331. Ramdullol Sircar and al. v. Sree Mootee Soonah Dabee and al. S. C. A bequest of property for pious purposes upheld.

335. Radhabullubh Tagore v. Gopeemohun Tagore and al. S. C. All the family property applied to the support and worship of a family Idol permitted. It seems to have been so applied by consent of the sons.

336.

Ramtoonoo Mullick and al. v. Ramgopaul Mullick and al. S. C. Court declared that a Hindoo, "might and could, dispose by will, of all his property, movable and immovable, and as well ancestorial as otherwise"-Appeal—and Decree affirmed by the King in Council. A large sum directed to be applied to pious purposes, according to the Testator's desire.

349. Doe ex dem. Kishnomohun Surmono v. Gopeemohun Tagore and al. S. C. Will of self-acquired property; two sons disinherited (on account of misconduct) by the Testator; each left a legacy of 10,000 rupees only; one son, because deaf and dumb, left 20,000 rupees only; and the whole estate, with the exception of the above legacies, and 30,000 rupees, left for the worship of an Idol, given to four sons equally.

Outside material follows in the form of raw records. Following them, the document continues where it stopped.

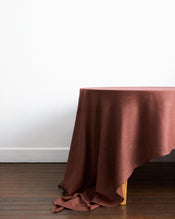 Cacao 100% French Flax Linen Tablecloth - view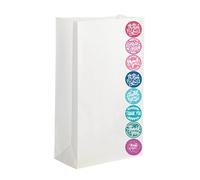 Thepaperbagstore 30 White Paper Party Bags + 30 Thank You Stickers, Kids Party, Gift, Craft and Sweet Bags - 140x245x70mm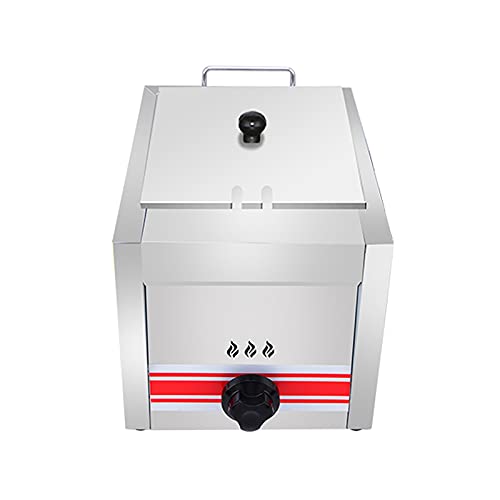 Freidora de grasa profunda, freidora de gas de gran capacidad, diseño de GLP de acero inoxidable, potencia de fuego ajustable, incluye cestas y tapas, ideal para uso doméstico y comercial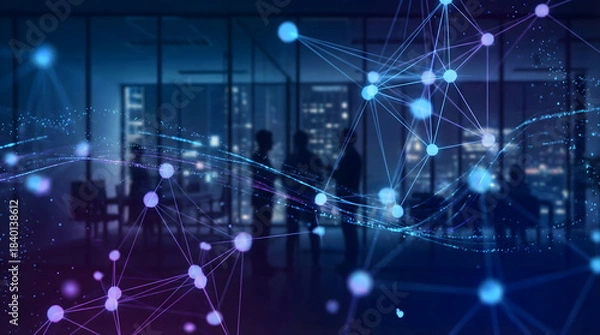 Obraz Silhouettes of people in office with glowing digital network overlay abstract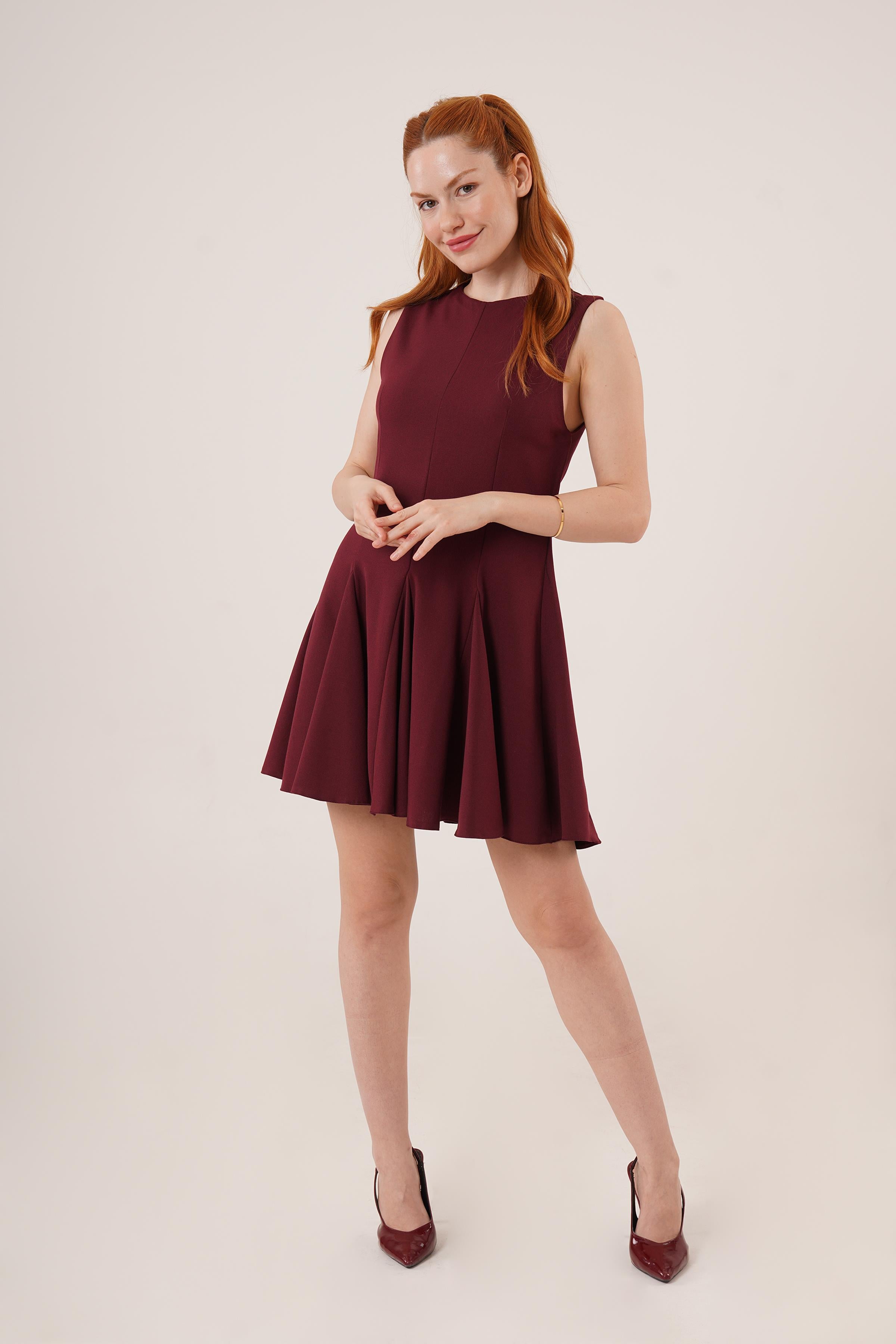 Sıfır Kol Pileli Toptan Bordo Mini Elbise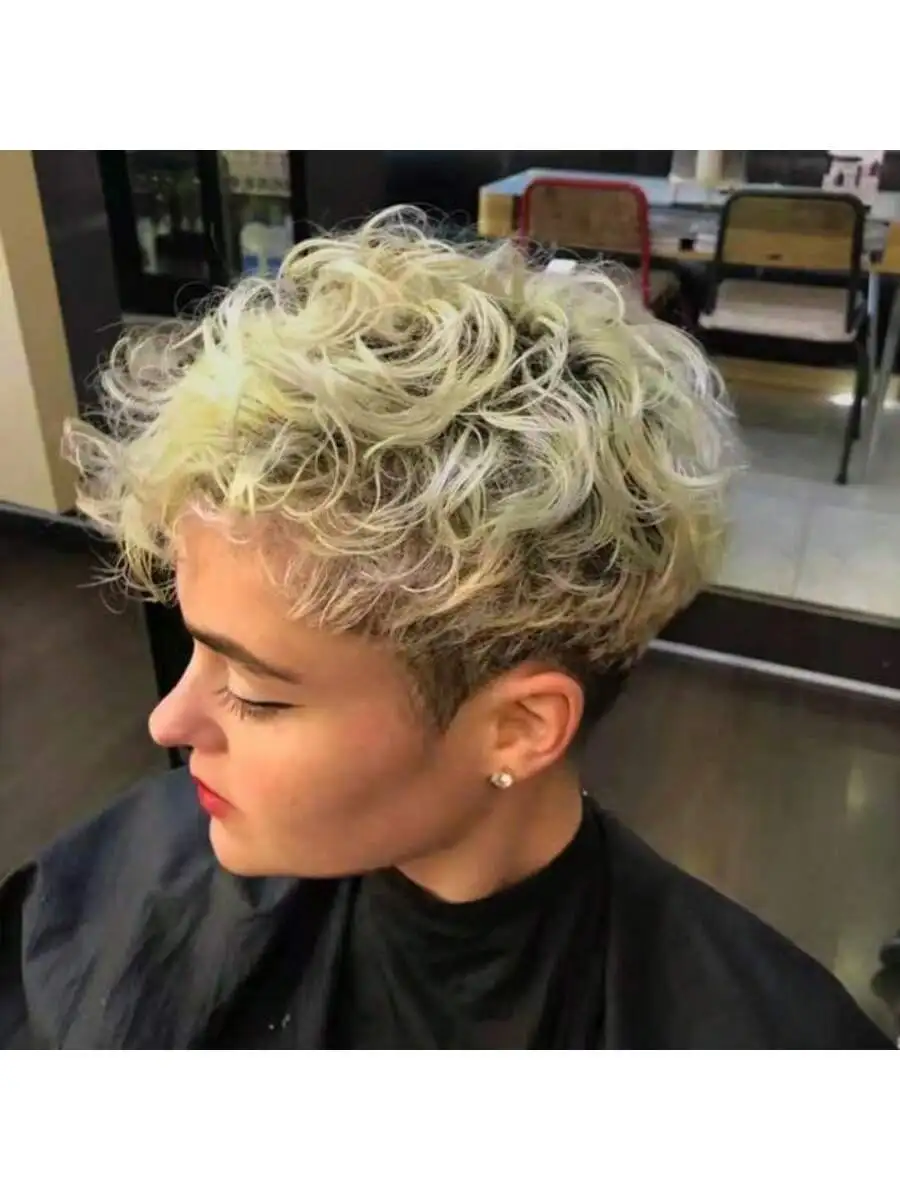 Natural Curl Hair Pixie Cut Wigs For Women Layered Short Wig  Curly Pixie Cut Wig For African American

350. Gowerchurn Mullick, by his will disinherited one son on account of his alleged misconduct when serving in a house of agency; left him a small sum of money only. The estate very considerable. The testator's will acquiesced in. The property consisted of movable and immovable, ancestorial and self-acquired.

350.

Woomischunder Pal Chowdry and al. v. Premchunder Pal Chowdry and al. S.C. Will of property supposed to have been self-acquired, leaving six anna's share to two sons, and ten anna's share to two other sons, established. Supposed that the decree would have been the same, had the property been ancestorial; 100,000 rupees left for the purpose of establishing a Shib or family Idol.

356. Rajah Nobkissen's will, S. C. Although the Rajah had a begotten, and an adopted son, he left an ancestorial Talook to the sons of his brother; this act was affirmed by the Court.